Wednesday, February 15, 2012

Recording Movement - Tony Orrico

January 18, 2012

As part of their 2nd grade curriculum, these students are learning about heath and wellness. Using this as a jumping off point, we talked about Tony Orrico.

Tony Orrico makes art by recording movement:


This is a piece he did in real time. He keeps this up for nearly 20 minutes! He uses large sticks of graphite (pencils without wood on the outside) so that he doesn't have to stop to sharpen.



And this is a time-laps of a piece he worked on for 4 hours without stopping.
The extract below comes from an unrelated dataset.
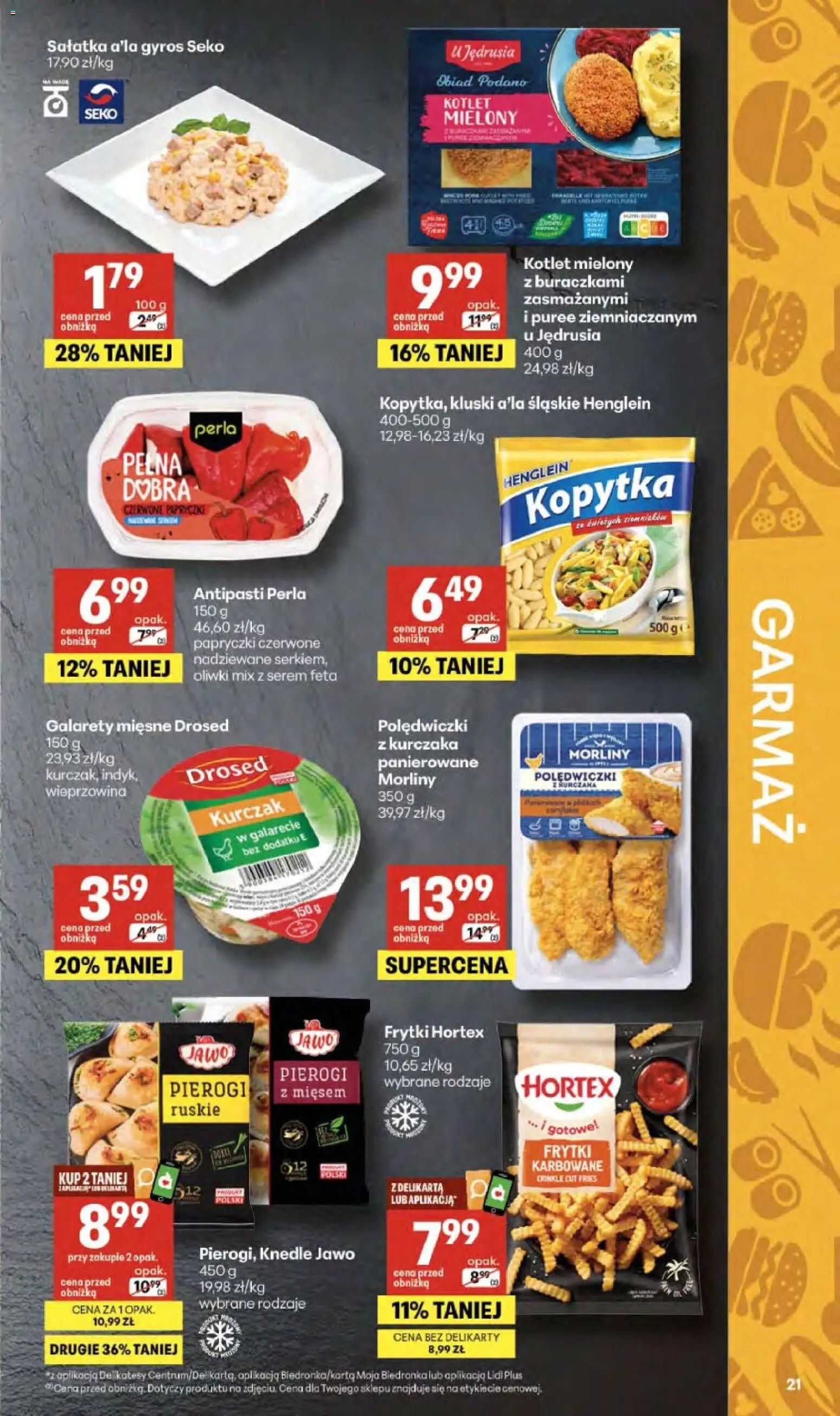 Delikatesy Centrum gazetka od 09.04.2026 | Strona: 21 | Produkty: Pierogi z mięsem, Wieprzowina, Knedle, Sałatka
If you watch, you can see him drop the Sharpies in his hand when they run out of ink and then pull new ones out of his pockets.




And this is a picture of him after doing a series of circles - look how sweaty and covered in graphite he is!
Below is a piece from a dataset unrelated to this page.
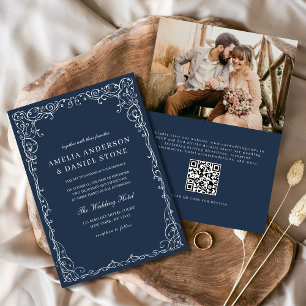QR-kod: Blått foto - minimalistiskt Elegant bröllo Inbjudningar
The students then asked me why he was making drawings that didn't look like anything. I returned the question and asked what reasons they could think of for making abstract or non-representational artwork (after explaining that that was what it was called).

Here are some of their really insightful answers:

  • Because he wants you to decide what it looks like.
  • Because he wants you to spend time thinking about it.
  • Because he wants you to think more about how he made it than what he made.
Then I asked another question. I asked them to think about different ways they could record their own movements. I was especially impressed that they seemed to combine what they had learned the week before with what we were talking about.

The first idea was to drag your foot across a piece of paper. I asked how you would record it, and they responded that you would leave marks if you had a really dirty foot.


Then each student had a piece of paper and used pencils, pens and crayons to record a movement pattern. I then brought the students to the back by table group to spend just a couple of minutes each recording that same pattern onto 3 pieces of brown packing paper and one piece of newspaper.